As of Jan 3, when I started my taper, I was on 60 mg daily of extended release oxy and 20 mg of Vicodin. (2 years ago, I stopped a benzo and Ambien almost CT ...this was harsh was actually awake for 18 days straight and sicker than even been in my life for the first weekend after I stopped them )
I am doing a slow taper...now down to 15 mg of oxy and the two Vicodin , 10 mg twice a day.
I have been sick for 3 weeks now. At first the WD was here and there in the very beginning , but very manageable. Now, being sick for 3 weeks straight has been hard .I have stomach cramps and abdominal pain every day, pain at base of neck that causes headaches and body pain. Have zero energy and just feel awful, with the exception of the couple hrs. after taking my reduced dose.
A week ago, I started shaking and went into crazy WD that was almost unbearable...like it all caught up with me at once. Started at 8 pm and lasted until my scheduled dose at 7 am. Up all night with every WD imaginable. IS this normal in a taper?

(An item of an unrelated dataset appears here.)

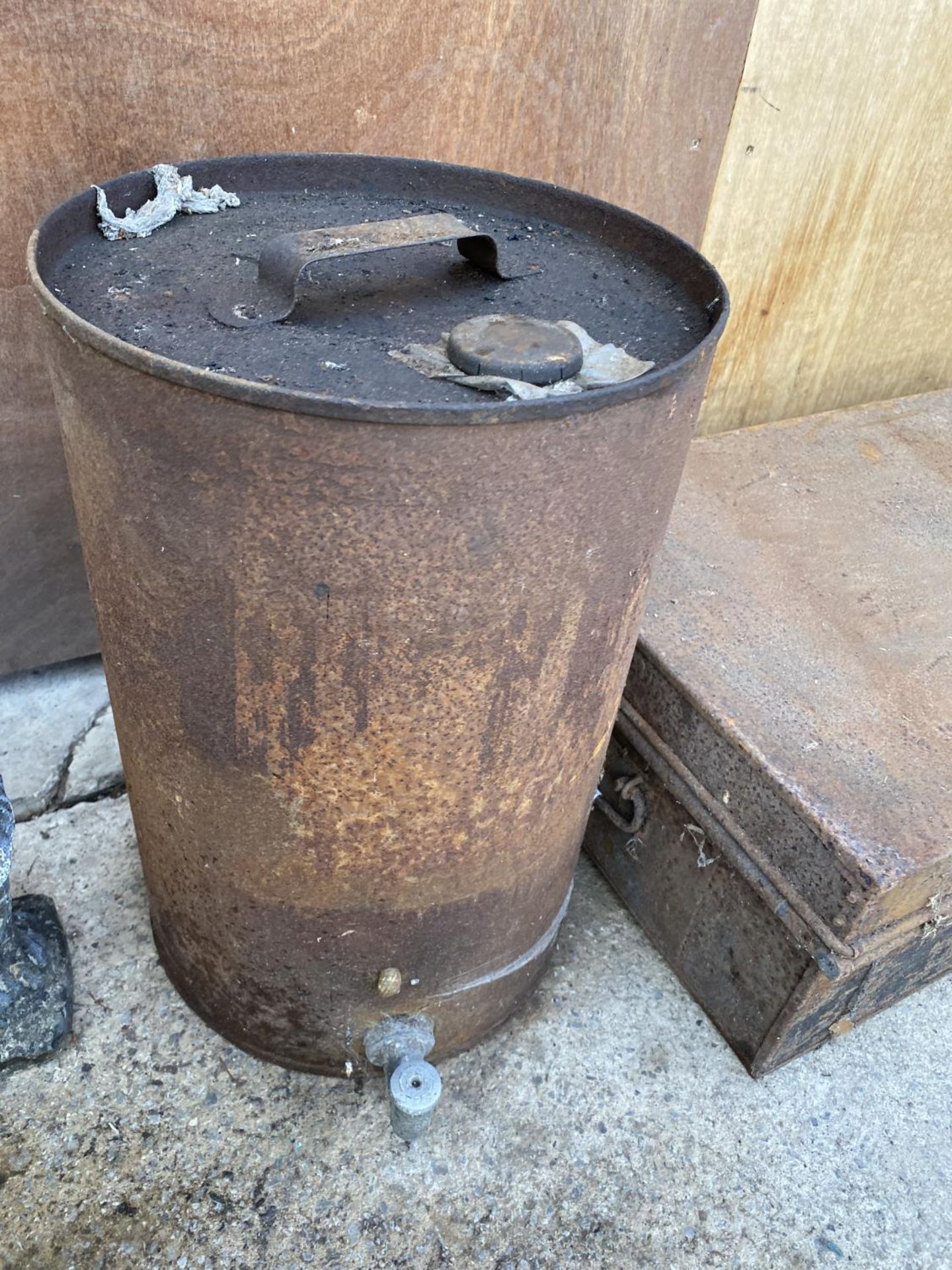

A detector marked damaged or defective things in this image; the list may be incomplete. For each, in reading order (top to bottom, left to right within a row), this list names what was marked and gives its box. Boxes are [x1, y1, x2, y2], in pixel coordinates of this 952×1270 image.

torn paper scrap on lid [94, 163, 242, 239]
rusty metal drum [30, 156, 731, 1092]
rust stain on drum [32, 156, 731, 1072]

Now, the WD is back to what it was before that episode .Still feel lousy, but nothing like that night.
I ended up going back on ambien for sleep (have not slept in years without frustration and waking up almost every 90 minutes all night long) I hated to do it, but this was all more than I could do without any restorative sleep) I have only been taking it for 20 days, so I hope to NOT get hooked again and need to make some decisions.
I am considering jumping from the oxy and stopping , as my Doctor gave me a script for Percocet ,4 times a day starting march 6.I guess he thinks switching from the oxy and Vicodin to 4 percs a day will help my tapering. Does anyone have any advice on this?

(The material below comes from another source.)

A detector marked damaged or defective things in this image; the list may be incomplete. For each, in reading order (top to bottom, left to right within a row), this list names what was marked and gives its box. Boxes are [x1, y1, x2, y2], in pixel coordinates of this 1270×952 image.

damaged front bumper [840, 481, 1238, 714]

OR, I could continue to taper down the oxy more and then make the switch. I have already decided to listen to my body and not take the 4 a day if I do not absolutely have to. OR am I just drawing all this out...sigh.
Having Crohns has complicated the WD and I have to be careful not to do anything drastic as I am flirting with a flare.
After what happened last week that day I described, I am fearing stopping completely IF this is what I should do.
God bless all who are in the battle of recovering our lives . There is light at the end of the tunnel, and it is not a Train.